Obama mówił, że pierwszy raz spotkał sierż. Remsburga podczas 65. rocznicy lądowania w Normandii w 2009 roku. Prezydent wspominał, że razem z żołnierzem zrobili sobie kilka zdjęć i wymienili kilka żartów.
Kilka miesięcy później Remsburg został ciężko ranny w wybuchu przydrożnej bomby w Afganistanie. Znaleziono go w przydrożnym rowie z odłamkami szrapnela w mózgu. Lekarze uratowali mu życie, ale po miesiącach operacji i rehabilitacji, Remsburg musiał na nowo uczyć się mówić i chodzić. Lewą stronę nadal ma częściowo sparaliżowaną i nie widzi na jedno oko.
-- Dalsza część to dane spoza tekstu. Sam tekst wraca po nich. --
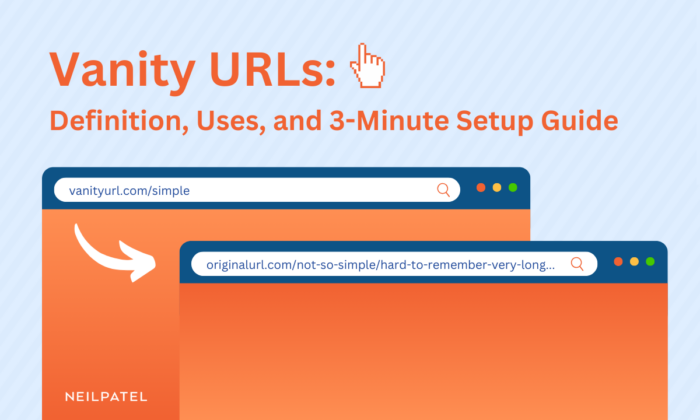 Illustration showing two web browsers with text that reads "Vanity URLs: Definition, Uses, and 3-Minute Setup Guide.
Mówiąc o żołnierzu, pod koniec swojego orędzia, Obama podkreślił, że jest to ktoś, "kto się nie poddaje". - Nic w życiu, co jest coś warte, nie jest proste. Cory jest tu dzisiaj. I tak jak armia, którą kocha; jak Ameryka, której służy, sierżant Cory Remsburg nigdy się nie poddaje - powiedział Obama, obrazując przykładem żołnierza wyzwania ekonomiczne, które stoją przed Ameryką, a które można przezwyciężyć tylko działając razem.
Sierżant Remsburg przysłuchiwał się Obami stojąc obok jego małżonki. Połączone izby Kongresu oraz inni oficjele i goście nagrodzili go gromkimi brawami.